### Instructions for the task
In the material below, find the line with "A SMALL RUSSIAN" and the line with "Caucasian person in", then output those two lines and every line between them, exactly.

### The data
● ● ●
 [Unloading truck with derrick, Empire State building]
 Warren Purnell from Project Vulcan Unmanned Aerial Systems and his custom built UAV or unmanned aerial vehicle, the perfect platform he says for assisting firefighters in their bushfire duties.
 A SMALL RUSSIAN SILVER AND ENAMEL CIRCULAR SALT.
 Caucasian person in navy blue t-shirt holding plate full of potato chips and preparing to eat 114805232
● ● ●
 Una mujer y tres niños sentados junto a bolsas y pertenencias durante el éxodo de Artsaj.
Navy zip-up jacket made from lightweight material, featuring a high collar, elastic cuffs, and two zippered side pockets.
● ● ●
### Exercise response
 A SMALL RUSSIAN SILVER AND ENAMEL CIRCULAR SALT.
 Caucasian person in navy blue t-shirt holding plate full of potato chips and preparing to eat 114805232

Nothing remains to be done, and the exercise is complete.